"You wouldn't be getting this deal, if it wasn't for the market conditions," Orban recalls about terms of a lease agreement that included three months of rent abatement. "It's easier to hide one, two even three months rent abatement in a new building than an existing one. Some will hide concessions there because they burn off quickly."
Certainly weakened by an overall slowdown in the US economy, the market for class A office space in South Florida is shaky to say the least.
"We're on the precipice of being severely soft," Orban tells GlobeSt.com. "If we're not there, we're very close to being there."
A recently published Trammell Crow mid-year report shows, for instance, that office vacancies increased in Broward County to 16.1% from a year-end rate of 11.9%, in Miami-Dade County to 11.7% from 9.19% and in Palm Beach County to 15.73% from 13.71%.
Office vacancies are projected to increase through the remainder of the year, the report forecasts.
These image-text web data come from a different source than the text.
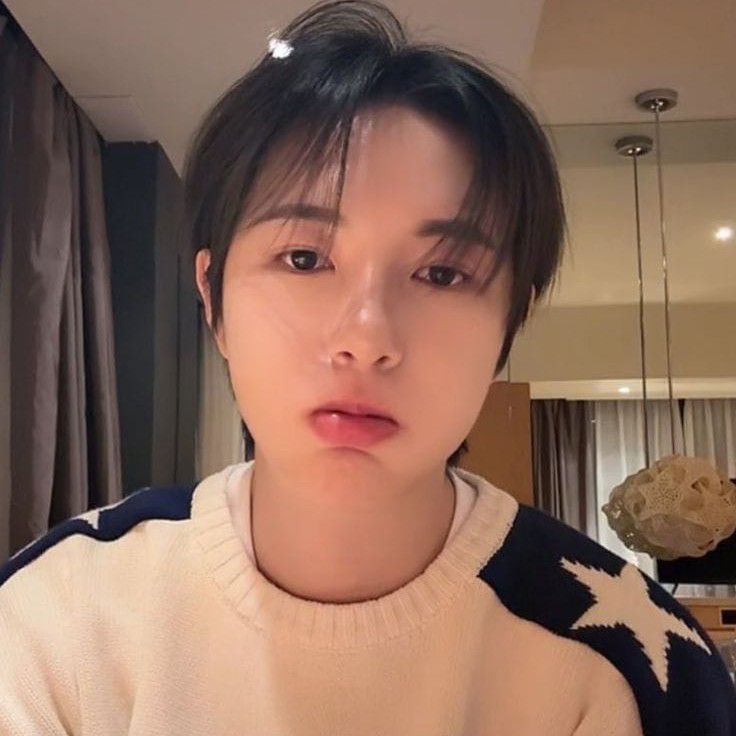 A moment captured by Renjun (NCT DREAM)'s fan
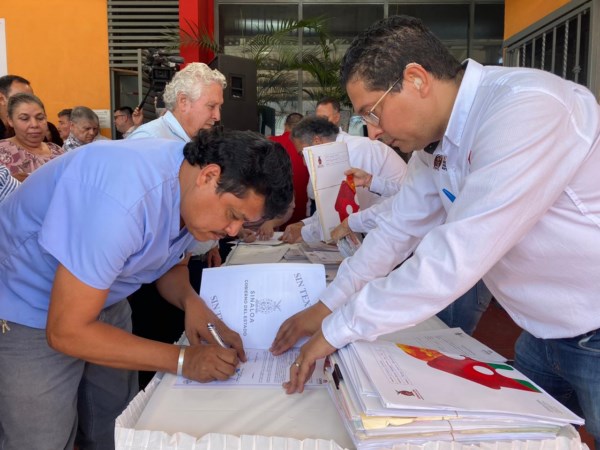 las escrituras de sus viviendas a 109 familias que habitan en 28 colonias de Culiacán,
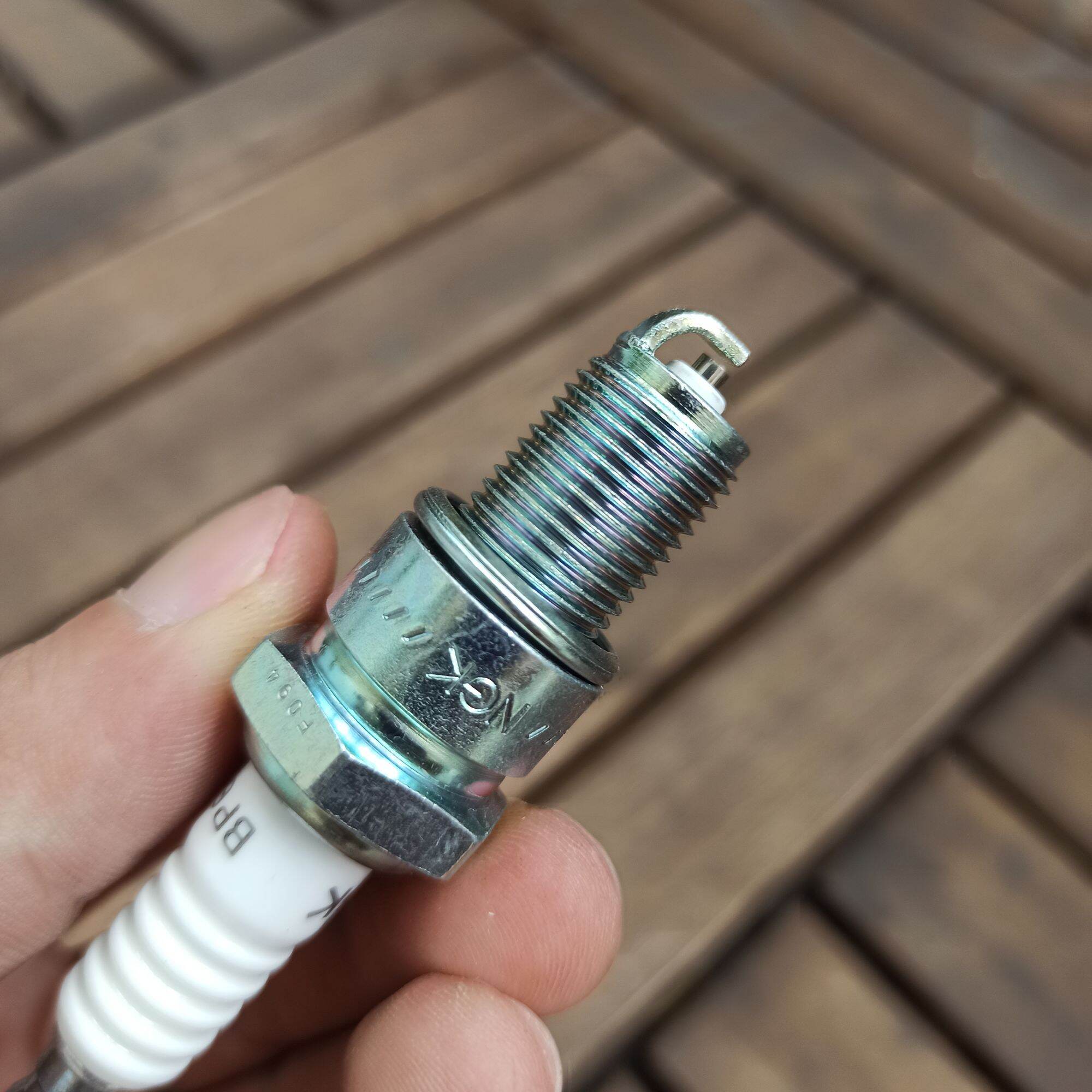 Bugi NGK niken - BP6ES ( chân dài, ren 14mm)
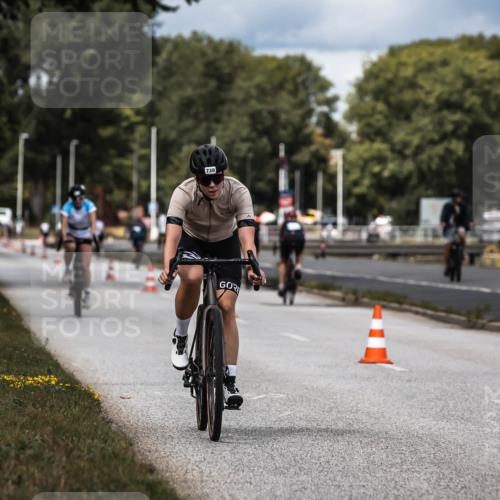 16.08.2026 - KN Förde Triathlon 2026 H.Heesch http://msf.ph/oto/9984943 16.08.2026 13:01:56 Radfahren 532, 719, 730, 731, 738 meine-sportfotos.de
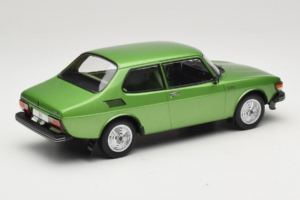 Saab 99 メタリック グリーン MCG 1:18 MCG18440 メタル - 画像 2/6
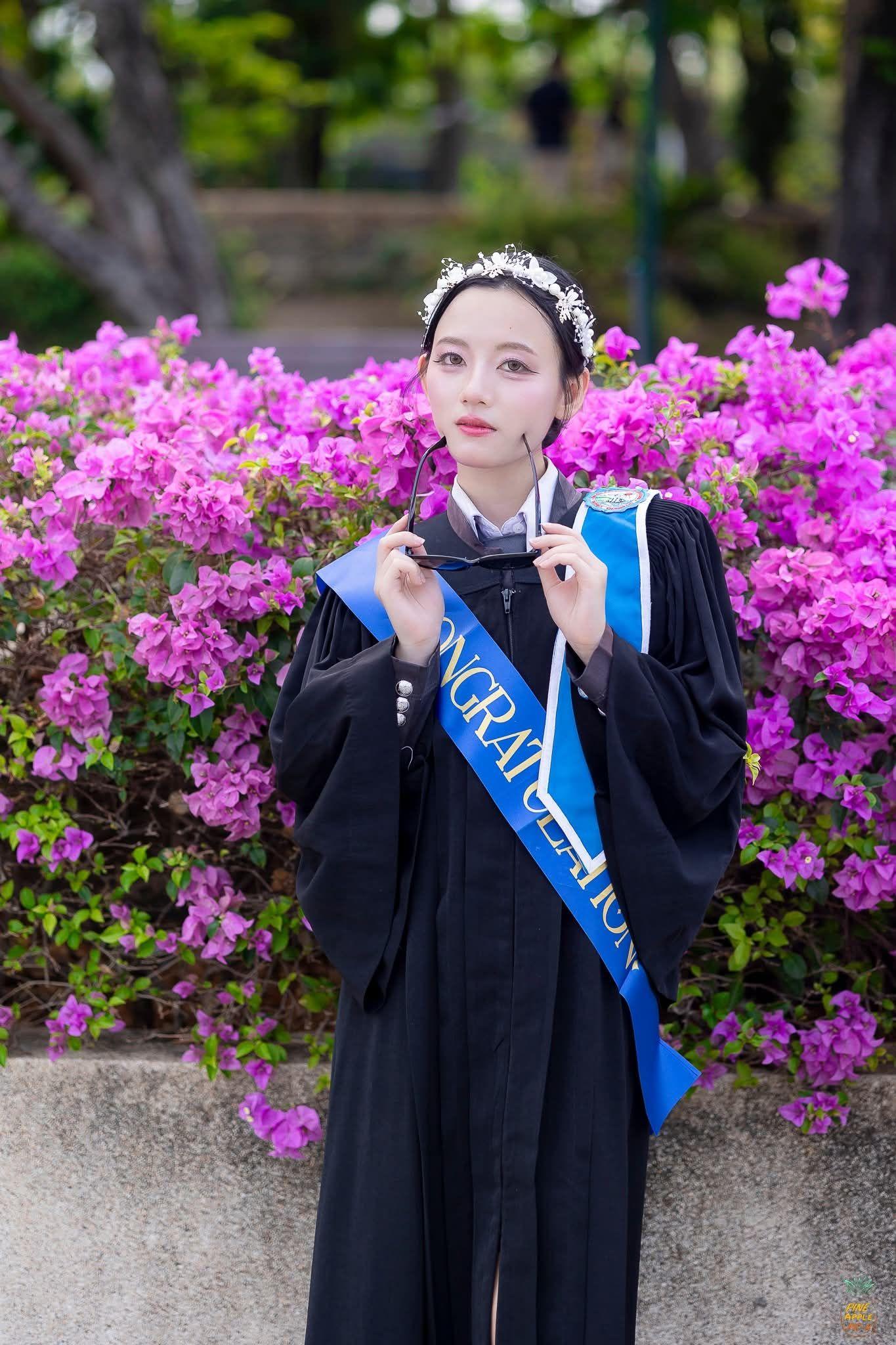 ผลงานรับปริญญา โดย Pineapplejib ภาพที่ 6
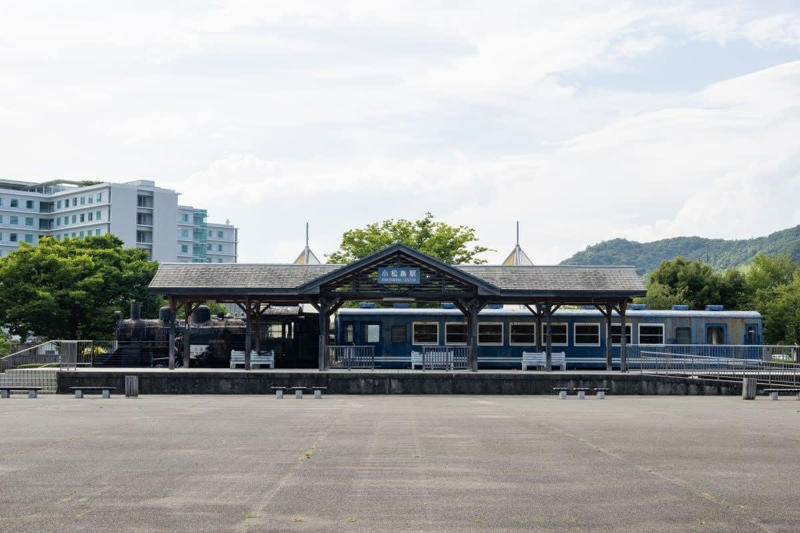 山と海の景色を交互に楽しめる牟岐線（JR四国）, 室戸岬一周を夢見た四国の右下を走る路線, 「阿佐線」ルートを体験できるフリーきっぷも, 国鉄型の気動車やセミクロスシート車が活躍, 牟岐線の見どころ, 通勤・通学客で賑わう徳島駅〜阿南駅間, ウミガメの産卵地・日和佐へ, 終着駅から世界初の乗りものが接続, 牟岐線（JR四国）データ
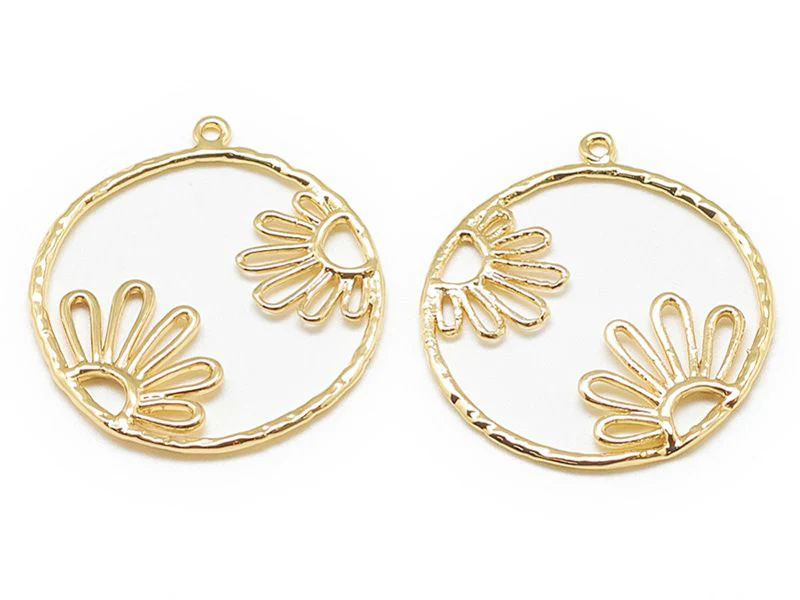 Pendentif cercle avec fleur - doré à l'or fin 18k - 27,5 mm - Image 2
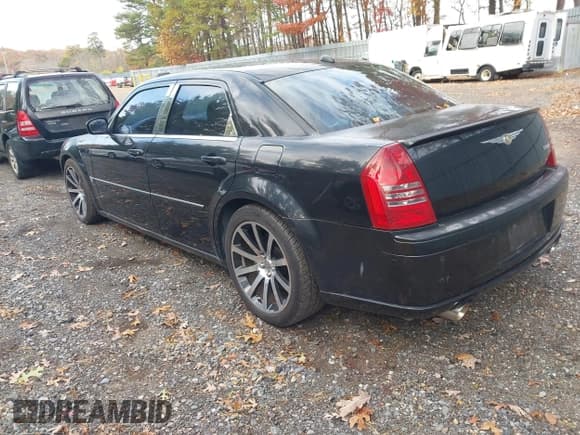 ✅ 2006 Chrysler 300 C SRT-8 • VIN: 2C3LA73W36H101173 • Lot: 43607991. Listed on IAAI with 181,823 mi. Free auction sales archive from the USA and detailed vehicle history report at DreamBid. Image 3.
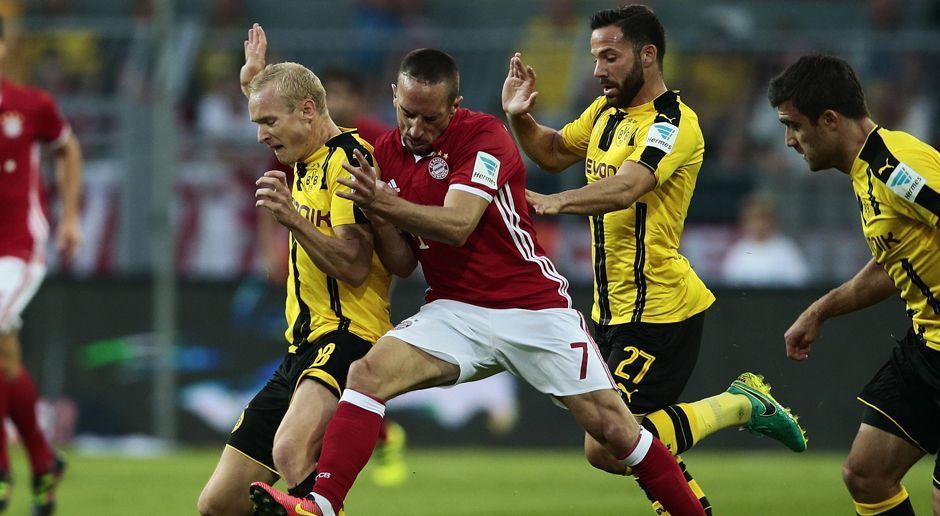 
                <strong>Einzelkritik Dortmund vs. FC Bayern</strong><br>
                Der FC Bayern München hat sich den ersten Titel der Saison 2016/17 gesichert. Der amtierende Doublesieger gewinnt den DFL-Supercup gegen Borussia Dortmund mit 2:0 (0:0). ran.de zeigt, welche Akteure dabei überzeugten - und welche nicht. Die Einzelkritik.
              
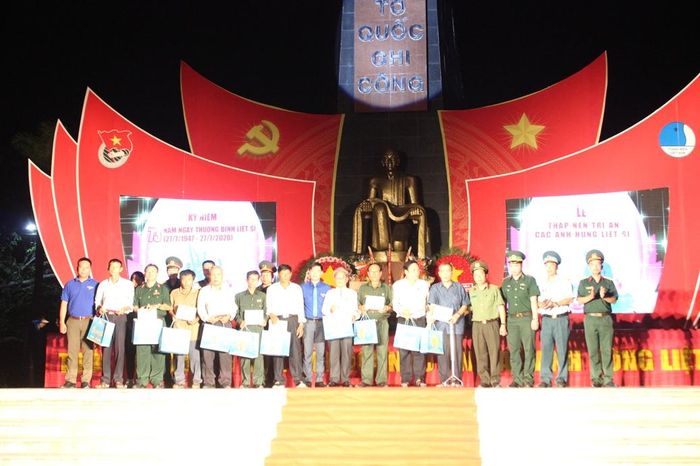 Ban Thường vụ Tỉnh đoàn trao quà tri ân các cựu chiến binh.
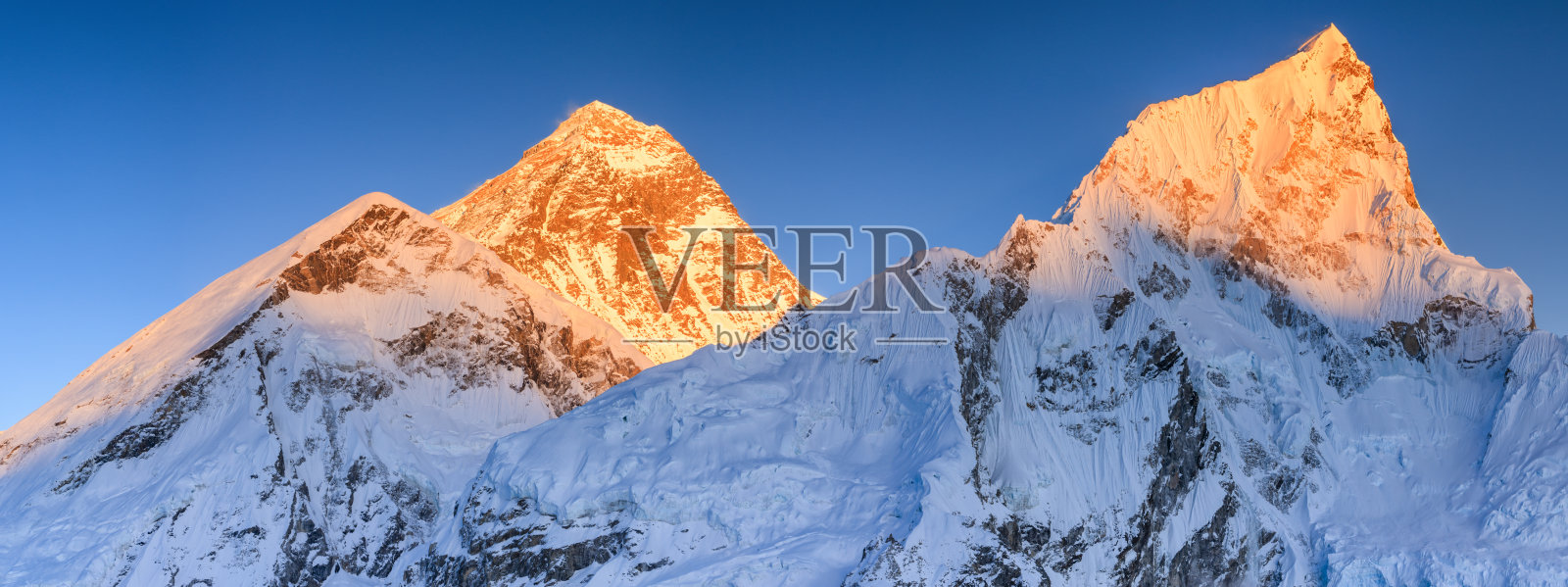 世界之巅珠穆朗玛峰上的日落照片摄影图片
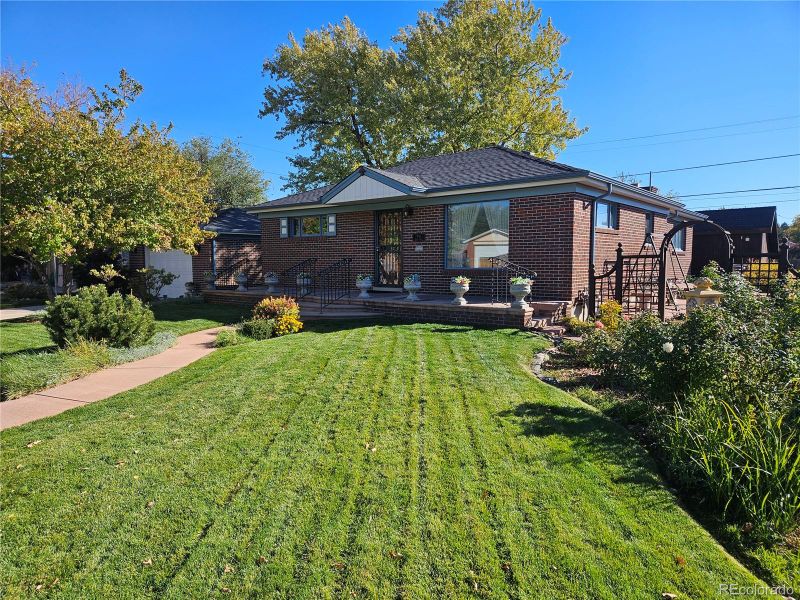 942 Leroy Dr, Northglenn, CO 80233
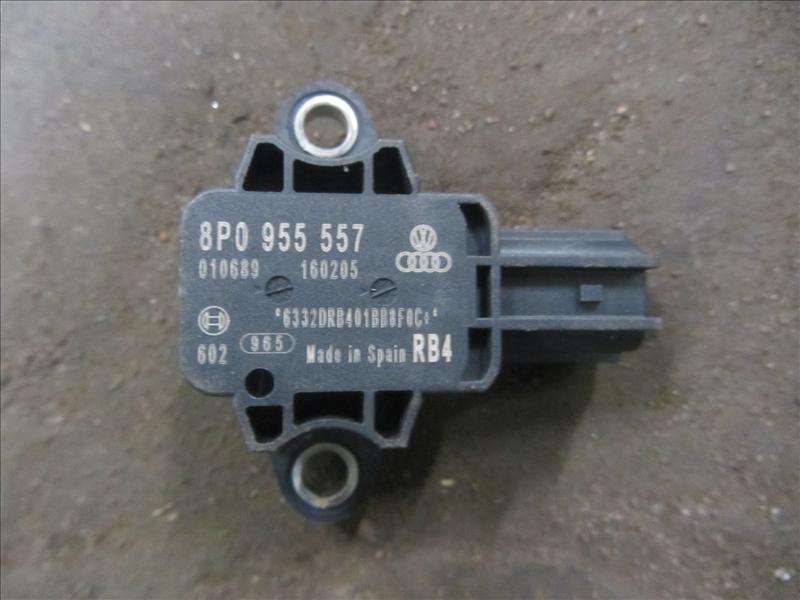 Датчик удара AIR BAG 8P0955557, С автомобиля Audi A4 B7 2.0 ALT AT 2005г седан вариатор 2WD (передний привод) седан цвет синий. Контрактная запчасть из Японии. Пробег 111 000 км. Без пробега по РФ., отличное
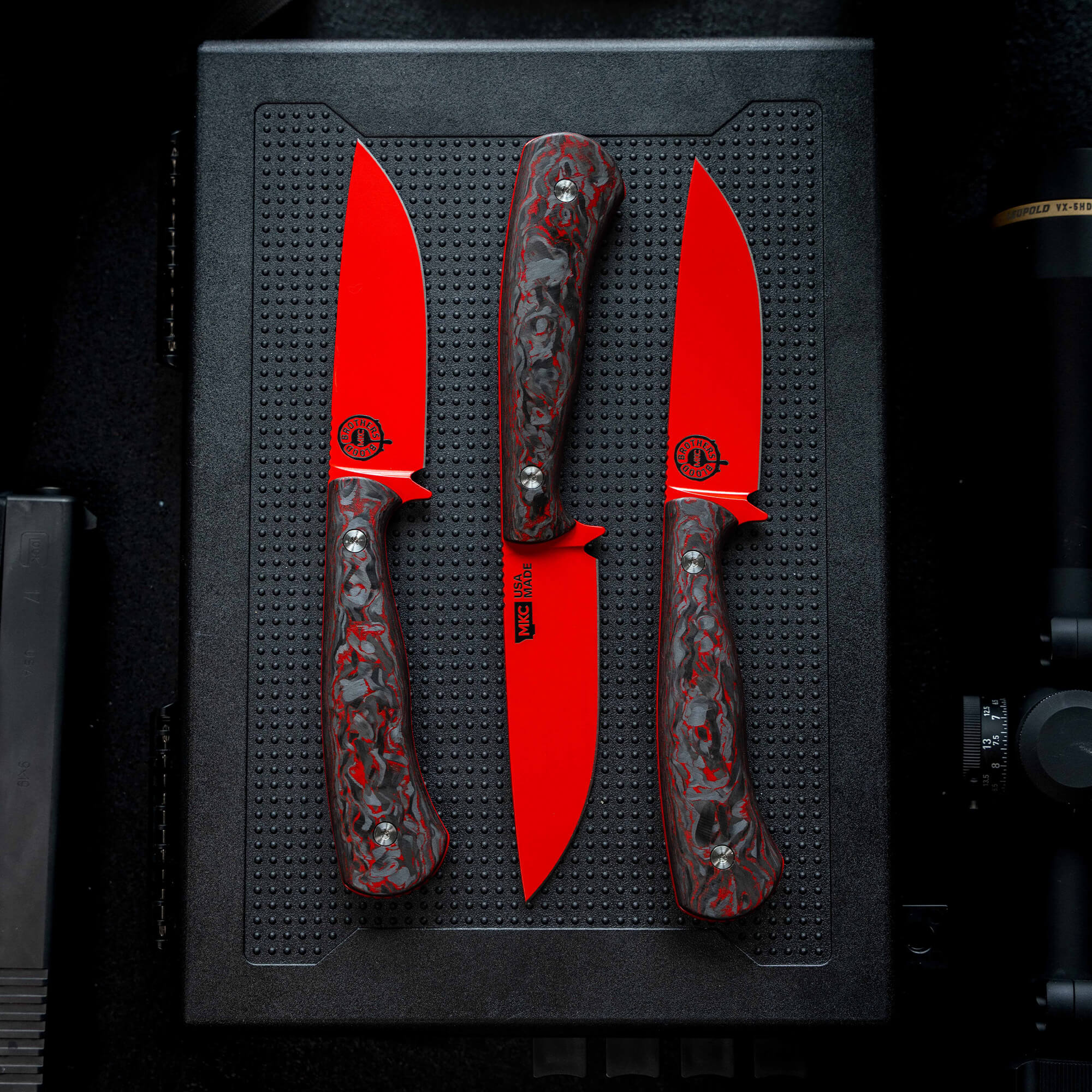 BLOOD BROTHERS WHITETAIL - BLACK/RED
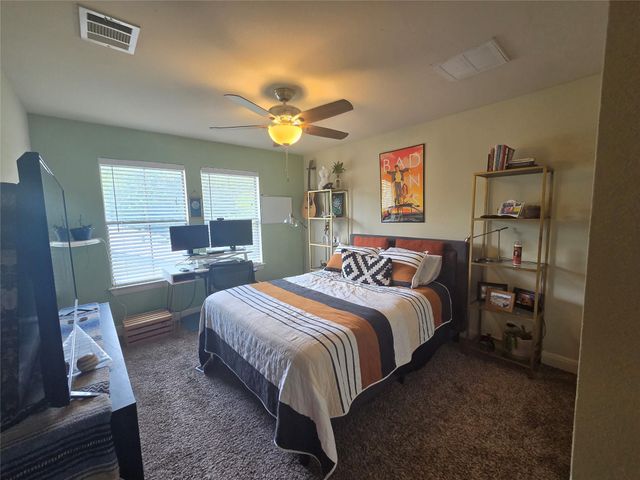 408 W Croslin ST, Austin, TX 78752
Rents, though, are expected to stabilize on increases in new supply and net absorption.
The one submarket that particularly surprised Orban over the past six months is Miami Beach, where a supply of new and converted office space apparently overwhelmed market demand.
"It surprises me how much the Miami Beach market has deteriorated," Orban says. "We heard some informal estimates, including sublease space, that the vacancy rate could be approaching 30%."
The impact is less noticeable, however, in the primary urban markets such as the Miami Downtown Central Business and Brickell Avenue Districts.
While quality buildings in those areas are still enjoying consistent demand, Orban suspects each market is feeling the pinch from the increase in sublet space as corporations downsize in response to the weakened economy.
"Of the total vacancies, we're hearing that one-third is sublease," he says. "That's the highest I've ever seen."
The Trammell Crow research also shows the following indicators:
* In Broward, mid-year net absorption dropped to a negative 298,929 sf, compared with a positive absorption of 441,530 sf as of the year ended Dec. 31. Mid-year new supply totaled about 539,719 sf, compared with 713,389 sf at year's end.
About 1.7 million sf is under construction. Mid-year gross asking rents averaged $22.32 per sf, up from year-end estimates of $21.02.
* In Miami-Dade, mid-year net absorption totaled 238,545 sf, compared with a year-end estimate of 574,071 sf. Mid-year new supply totaled one million sf, compared with 522,843 sf at year's end.
About 1.67 million sf is under construction. Mid-year gross asking rents averaged $23.74, up from $22.36 at year's end.
* In Palm Beach, mid-year net absorption dropped to a negative 100,744 sf, compared with a positive absorption of 395,028 sf at year's end. Mid-year new supply totaled about 275,000 sf, compared with 479,396 sf at year's end.
About 303,484 sf is under construction. Mid-year gross asking rents averaged $23.51 per sf, down from $24.75 at year's end.